Desde el centro Cruïlla, sin embargo, echan de menos una mayor implicación de las administraciones. «Hacemos lo que podemos, pero necesitamos más dinero, más recursos, más manos. Las ganas ya las ponemos nosotros», reclama Juanfra Carrasco, educador social del centro Cruïlla. Algunos de los jóvenes tienen mayor suerte. Mientras esperan la posibilidad de regularizarse, estudian y arreglan bicicletas para la gente del barrio en las instalaciones de la parroquia.
O Anouar, de 26 años, que vive en un piso que el propietario le ha alquilado a un precio asequible, obviando los precios actuales del mercado. Desde aquí, no olvida los meses que ha pasado en la calle. «Para mí es tan normal pensar en la muerte… Porque dices, qué haré, no valgo nada, no tengo nada, qué perderé… Si no estás fuerte, piensas en la posibilidad de suicidarte», explica.

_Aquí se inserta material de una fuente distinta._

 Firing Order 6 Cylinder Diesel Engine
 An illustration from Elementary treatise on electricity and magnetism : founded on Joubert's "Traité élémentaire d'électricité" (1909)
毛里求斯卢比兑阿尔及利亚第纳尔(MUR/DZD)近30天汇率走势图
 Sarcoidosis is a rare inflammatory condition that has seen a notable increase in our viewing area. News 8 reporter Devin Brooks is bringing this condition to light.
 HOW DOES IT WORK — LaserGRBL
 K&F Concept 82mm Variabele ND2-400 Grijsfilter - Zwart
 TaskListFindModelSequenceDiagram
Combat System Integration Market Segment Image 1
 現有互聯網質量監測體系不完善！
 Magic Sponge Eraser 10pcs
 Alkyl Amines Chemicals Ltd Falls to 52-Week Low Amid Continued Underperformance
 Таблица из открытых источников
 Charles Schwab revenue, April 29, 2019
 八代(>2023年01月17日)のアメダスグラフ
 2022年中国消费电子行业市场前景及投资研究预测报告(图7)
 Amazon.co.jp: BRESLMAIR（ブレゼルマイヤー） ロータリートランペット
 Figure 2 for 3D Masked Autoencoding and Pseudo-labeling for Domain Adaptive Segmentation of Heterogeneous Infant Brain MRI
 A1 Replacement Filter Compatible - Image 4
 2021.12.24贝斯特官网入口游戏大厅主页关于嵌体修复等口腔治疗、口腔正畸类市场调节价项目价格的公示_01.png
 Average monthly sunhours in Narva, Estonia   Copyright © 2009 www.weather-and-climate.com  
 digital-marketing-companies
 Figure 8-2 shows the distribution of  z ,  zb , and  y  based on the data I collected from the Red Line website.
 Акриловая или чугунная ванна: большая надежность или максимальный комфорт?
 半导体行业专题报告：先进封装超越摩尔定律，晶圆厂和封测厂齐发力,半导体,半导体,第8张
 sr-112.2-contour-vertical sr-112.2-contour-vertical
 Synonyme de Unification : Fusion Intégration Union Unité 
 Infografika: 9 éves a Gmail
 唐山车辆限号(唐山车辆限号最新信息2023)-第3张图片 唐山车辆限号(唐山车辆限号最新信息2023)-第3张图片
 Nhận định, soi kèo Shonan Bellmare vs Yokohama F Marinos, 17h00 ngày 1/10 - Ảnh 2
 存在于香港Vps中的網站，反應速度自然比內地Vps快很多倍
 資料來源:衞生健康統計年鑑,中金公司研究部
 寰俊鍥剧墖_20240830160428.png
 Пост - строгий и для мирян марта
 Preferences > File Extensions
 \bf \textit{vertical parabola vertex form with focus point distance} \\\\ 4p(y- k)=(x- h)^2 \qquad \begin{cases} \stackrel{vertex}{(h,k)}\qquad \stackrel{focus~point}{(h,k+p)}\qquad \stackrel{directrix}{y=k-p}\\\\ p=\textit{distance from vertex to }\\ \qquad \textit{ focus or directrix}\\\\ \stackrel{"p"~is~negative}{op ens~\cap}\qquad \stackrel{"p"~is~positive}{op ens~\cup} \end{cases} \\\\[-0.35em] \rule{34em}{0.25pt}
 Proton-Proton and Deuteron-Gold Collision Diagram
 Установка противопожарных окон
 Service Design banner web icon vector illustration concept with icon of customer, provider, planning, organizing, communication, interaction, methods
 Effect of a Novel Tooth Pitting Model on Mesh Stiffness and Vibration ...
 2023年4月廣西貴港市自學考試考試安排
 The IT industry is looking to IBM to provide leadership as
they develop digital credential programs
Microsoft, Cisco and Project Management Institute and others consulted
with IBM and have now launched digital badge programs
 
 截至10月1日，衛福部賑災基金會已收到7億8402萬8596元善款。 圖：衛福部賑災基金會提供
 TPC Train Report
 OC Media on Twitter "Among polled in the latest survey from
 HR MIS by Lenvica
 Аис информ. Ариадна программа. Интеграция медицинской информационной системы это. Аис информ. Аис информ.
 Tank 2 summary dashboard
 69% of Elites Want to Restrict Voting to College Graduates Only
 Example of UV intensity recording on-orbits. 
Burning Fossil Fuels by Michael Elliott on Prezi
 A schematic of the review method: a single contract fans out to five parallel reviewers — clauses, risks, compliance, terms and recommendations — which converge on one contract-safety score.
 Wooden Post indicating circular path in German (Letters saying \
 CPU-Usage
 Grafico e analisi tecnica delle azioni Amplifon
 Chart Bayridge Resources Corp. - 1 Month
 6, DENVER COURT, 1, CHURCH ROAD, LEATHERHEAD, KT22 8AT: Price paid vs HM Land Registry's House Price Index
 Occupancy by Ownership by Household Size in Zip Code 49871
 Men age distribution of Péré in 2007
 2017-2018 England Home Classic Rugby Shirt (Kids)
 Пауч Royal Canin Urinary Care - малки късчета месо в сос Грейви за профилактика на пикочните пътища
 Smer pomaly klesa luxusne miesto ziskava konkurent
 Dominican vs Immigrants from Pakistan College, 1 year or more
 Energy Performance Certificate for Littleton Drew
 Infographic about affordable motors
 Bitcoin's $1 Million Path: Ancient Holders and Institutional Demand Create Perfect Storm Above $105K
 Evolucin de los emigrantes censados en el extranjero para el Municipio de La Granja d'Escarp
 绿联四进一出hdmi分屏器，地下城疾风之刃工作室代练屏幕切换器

El cuerpo de Bashir fue repatriado una semana después de su muerte, a finales de septiembre, gracias a que la mezquita del barrio logró reunir 3.000 euros de donaciones de la comunidad islámica. Y también el barrio le ha recordado para que su muerte no caiga en el olvido. «¿Cuántos más deben morir por el abandono y la no acogida digna?», escribían en una pancarta.